I was inside too one afternoon and happened to glance out of the window to see -- much to my surprise -- an older kid, in a dark jacket, hopping back over our picket fence from inside our yard. I could not imagine why the kid would have been in our yard in the first place. I looked further, and saw that the kid had knocked down my brother's snowman. Why on earth would someone trespass into a person's yard just to knock down their snowman? What a terrible thing to do.
I suited up in my many layers of snow gear and went out. I carefully reconstructed my brother's snowman, carrot nose and all. When I went back inside to tell my brother what had happened and what I had done, he was greatly bothered: he was angry first at the kid who knocked down his snowman, but disappointed, too, because when I put the snowman back together, I had made it facing out of the yard, rather than towards the house so my brother could see its face while he was inside recuperating.
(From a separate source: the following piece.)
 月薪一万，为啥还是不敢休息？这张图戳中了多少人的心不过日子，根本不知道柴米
I had tried. But failed. I hadn't thought of pointing the snowman toward the house. I hadn't realized that my brother might want to see its face from the window.
That was decades ago, and I doubt my brother even remembers that infinitesimal moment in our childhood. I had not thought of it for ages, until yesterday. I am not sure why the memory surfaced now, since I have heard a hundred snowman songs and read a hundred snowman-themed stories to small children since then without recalling my brother's snowman.
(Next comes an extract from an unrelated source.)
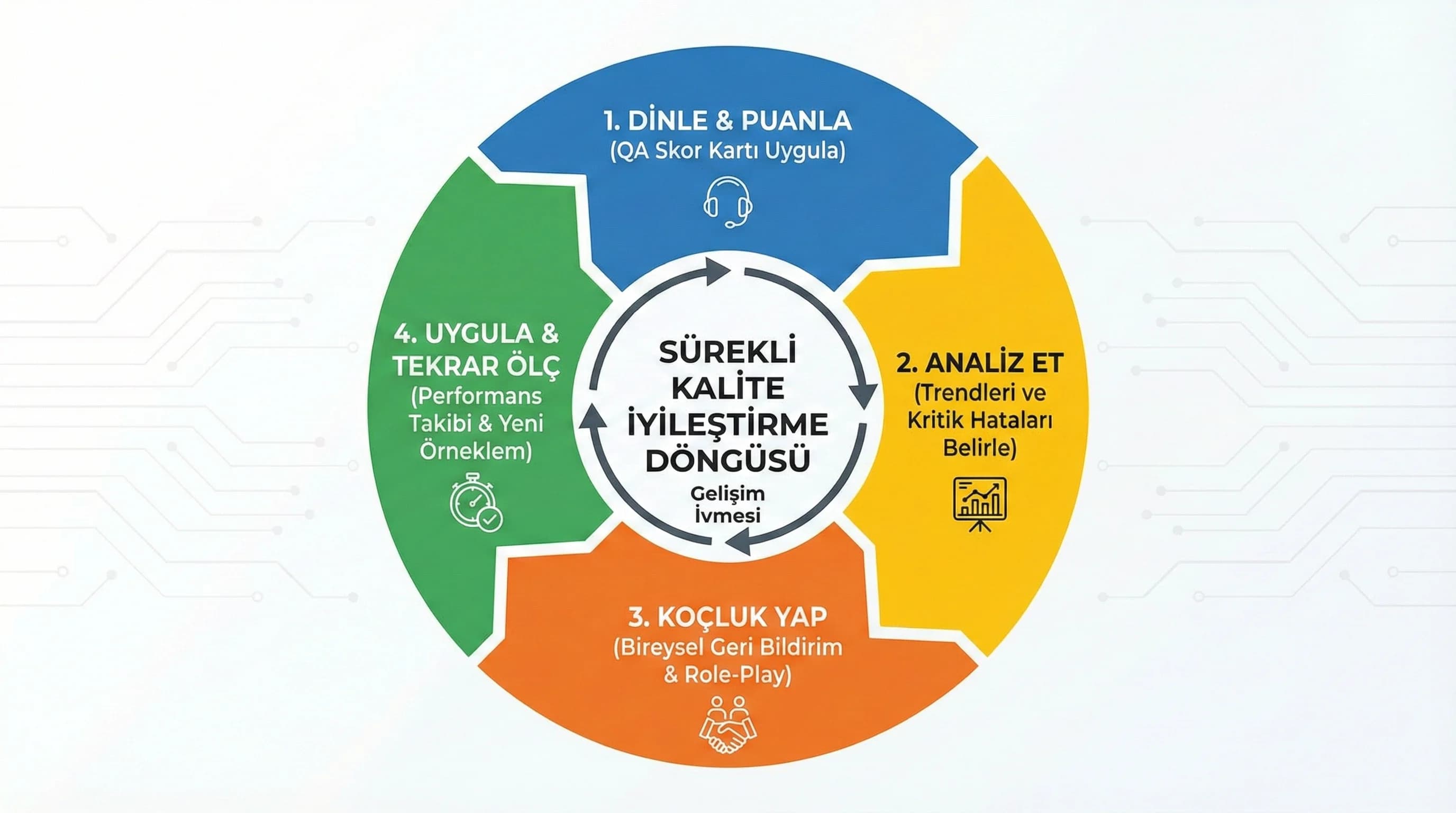 Dinleme→koçluk→tekrar dinleme döngüsü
I'm sure the moment has played out in parallel since then, though: I try to do what I think would be kind or thoughtful, yet my efforts fail somehow because I have not taken into account the person's thoughts and feelings on what should be done. Alas. Perhaps I have always had trouble putting myself in others' shoes. (At least when it comes to which way a snowman faces, I do.)
Hopefully it is seen that my heart is in the right place.
I'll keep trying. Perhaps eventually I'll learn.